[PROVIDED DATA — start]
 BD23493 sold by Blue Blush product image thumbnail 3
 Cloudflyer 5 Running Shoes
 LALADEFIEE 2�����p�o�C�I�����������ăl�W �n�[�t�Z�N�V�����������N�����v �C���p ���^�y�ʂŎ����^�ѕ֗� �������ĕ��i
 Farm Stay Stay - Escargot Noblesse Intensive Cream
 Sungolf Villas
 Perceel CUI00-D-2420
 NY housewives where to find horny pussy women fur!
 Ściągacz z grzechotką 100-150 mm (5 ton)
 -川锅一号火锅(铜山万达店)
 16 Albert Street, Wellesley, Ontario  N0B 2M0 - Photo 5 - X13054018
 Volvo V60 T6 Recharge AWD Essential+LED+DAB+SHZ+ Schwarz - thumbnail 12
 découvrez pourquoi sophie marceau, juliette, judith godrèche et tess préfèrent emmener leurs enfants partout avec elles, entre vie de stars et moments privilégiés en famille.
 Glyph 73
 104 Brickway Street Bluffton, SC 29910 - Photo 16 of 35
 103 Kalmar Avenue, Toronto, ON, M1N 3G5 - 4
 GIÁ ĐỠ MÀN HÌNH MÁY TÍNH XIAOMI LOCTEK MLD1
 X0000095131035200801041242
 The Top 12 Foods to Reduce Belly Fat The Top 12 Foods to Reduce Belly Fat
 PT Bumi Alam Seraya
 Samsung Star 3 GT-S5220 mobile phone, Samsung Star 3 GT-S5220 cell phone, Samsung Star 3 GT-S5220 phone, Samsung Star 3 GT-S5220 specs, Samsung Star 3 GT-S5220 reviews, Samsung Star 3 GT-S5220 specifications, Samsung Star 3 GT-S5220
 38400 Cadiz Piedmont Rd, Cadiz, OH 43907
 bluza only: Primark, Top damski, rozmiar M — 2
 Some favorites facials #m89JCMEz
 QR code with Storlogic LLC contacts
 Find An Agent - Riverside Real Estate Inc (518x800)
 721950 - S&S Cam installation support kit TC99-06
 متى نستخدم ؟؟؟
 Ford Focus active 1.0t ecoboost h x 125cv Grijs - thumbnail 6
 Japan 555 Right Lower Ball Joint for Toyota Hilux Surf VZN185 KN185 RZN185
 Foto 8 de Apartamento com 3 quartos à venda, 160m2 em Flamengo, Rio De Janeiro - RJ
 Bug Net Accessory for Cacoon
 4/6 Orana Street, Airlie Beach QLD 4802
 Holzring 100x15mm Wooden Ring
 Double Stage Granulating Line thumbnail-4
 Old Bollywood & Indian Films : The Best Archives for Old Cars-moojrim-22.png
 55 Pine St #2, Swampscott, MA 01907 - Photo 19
[PROVIDED DATA — finish]
For the string "thumbnail", search the preceding data and copy every line that includes it.

▶ _WORKED SOLUTION_:
 BD23493 sold by Blue Blush product image thumbnail 3
 Volvo V60 T6 Recharge AWD Essential+LED+DAB+SHZ+ Schwarz - thumbnail 12
 Ford Focus active 1.0t ecoboost h x 125cv Grijs - thumbnail 6
 Double Stage Granulating Line thumbnail-4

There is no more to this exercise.